# Show us your rig



## geezuphosdn (Jun 5, 2006)

Post a picture of:

1. Your rig (camera/lens setup etc), which I realize taking a picture of your camera can be tricky.
2. One of your favorite pictures taken with said camera
3. A brief description of the rig
4. Explain why you love it.


----------



## Arlon (Feb 8, 2005)

geezuphosdn said:


> Post a picture of:
> 
> 1. Your rig (camera/lens setup etc), which I realize taking a picture of your camera can be tricky.
> 2. One of your favorite pictures taken with said camera
> ...


Not tricky at all. Small mirror and the self timer..










And a favorite picture? 









The best camera is the one you have when you need it. My pocket cam is always in my pocket or someplace equally close by. This picture was taken 10 minutes after paying for a bunch of car repair. I simply emailed to the dealer with a short note. They had a tow truck in my driveway within 30 minutes. One picture saved me a bunch of time yelling on the phone and maybe saved me more than the cost of the camera (shot yesterday).

I use the pocket cam like a note taker. I shoot pics of signs, peoples yards that have nice landscaping, restaurant menus and food from places I want to be sure to revisit.. The pocket cam is more like a tool than just something to capture pretty images. The pocket cam rocks!

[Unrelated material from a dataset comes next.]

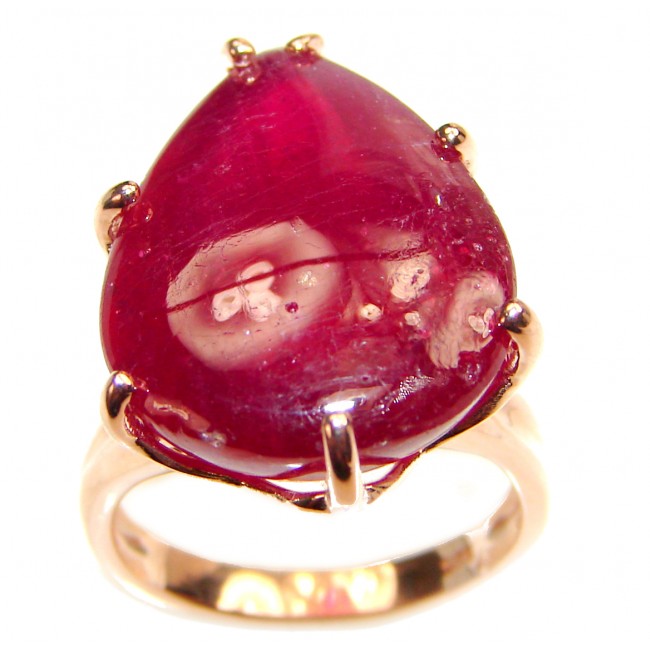Genuine 26.3ct Ruby 18K yellow Gold over .925 Sterling Silver handmade Cocktail Ring s. 5 3/4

Just a reminder about the best chicken fried steak I've ever eaten (El Capitan in Van Horn Texas)..


----------



## MT Stringer (May 21, 2004)

I have been using the Canon 7D w/300 f/2.8 for field sports (football, field hockey, etc). It works very well. With the 1.6x crop sensor for this body, I get the focal length of 480mm.

Helps me get closer to the huddle.


----------